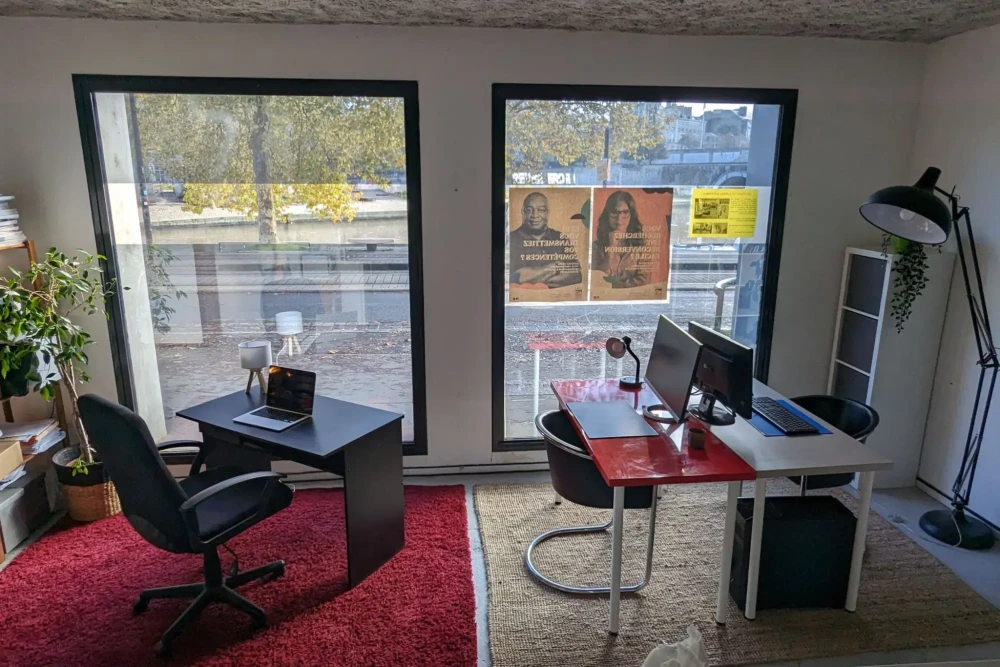 Open Space - 44000 - 3 postes - 200€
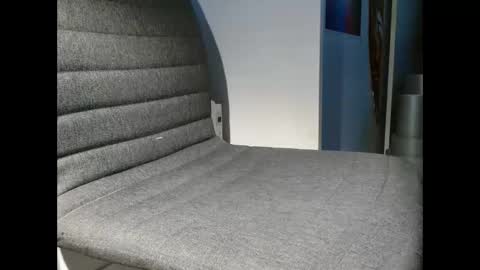 Snapshot of your_tipie chatting on January 17, 8:52 am your_tipie online show from January 17, 8:52 am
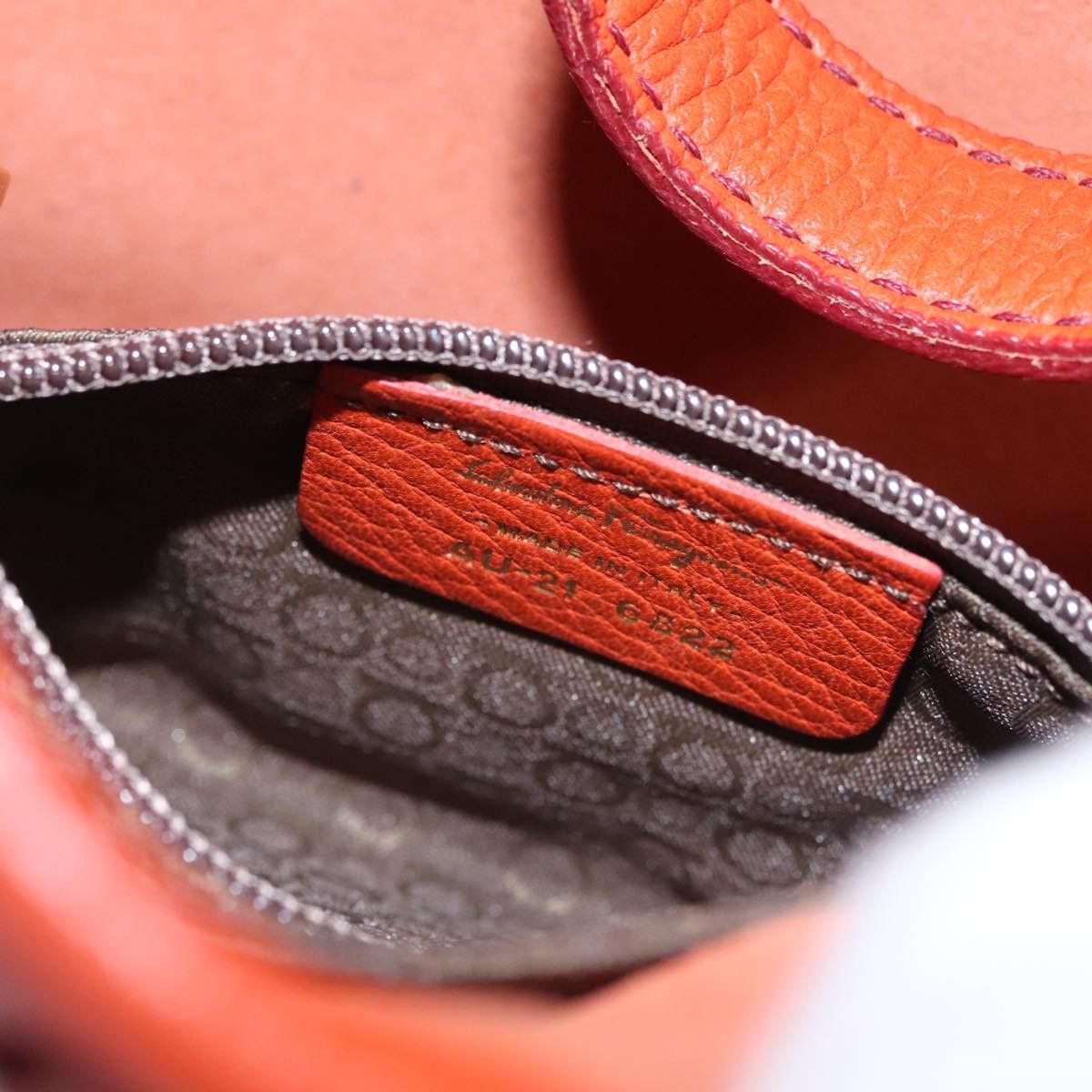 Salvatore Ferragamo Gancini Orange Leather Handbag (Pre-Owned) Size ONE SIZE - 15 Thumbnail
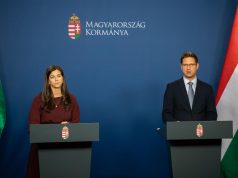 Kormányinfó: Fokozatosan, szigorú menetrend mellett újraindítható az élet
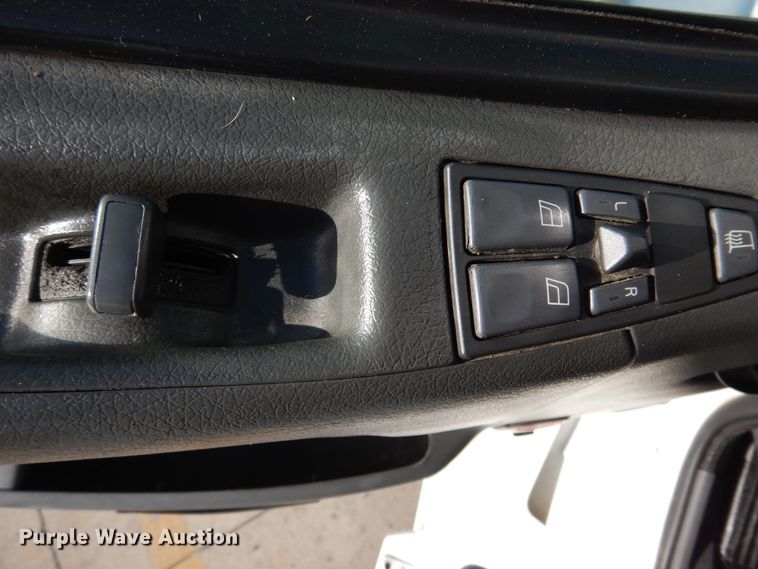 image for item DM6466 2012 Volvo VNL  semi truck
☆ ☆ ☆ ☆ ☆ ☆ ☆
Exercise directions. None of the pictures should be carried over when the data above is transcribed exactly.

Reply to the task.
 Open Space - 44000 - 3 postes - 200€
 Snapshot of your_tipie chatting on January 17, 8:52 am your_tipie online show from January 17, 8:52 am
 Salvatore Ferragamo Gancini Orange Leather Handbag (Pre-Owned) Size ONE SIZE - 15 Thumbnail
 Kormányinfó: Fokozatosan, szigorú menetrend mellett újraindítható az élet
 image for item DM6466 2012 Volvo VNL  semi truck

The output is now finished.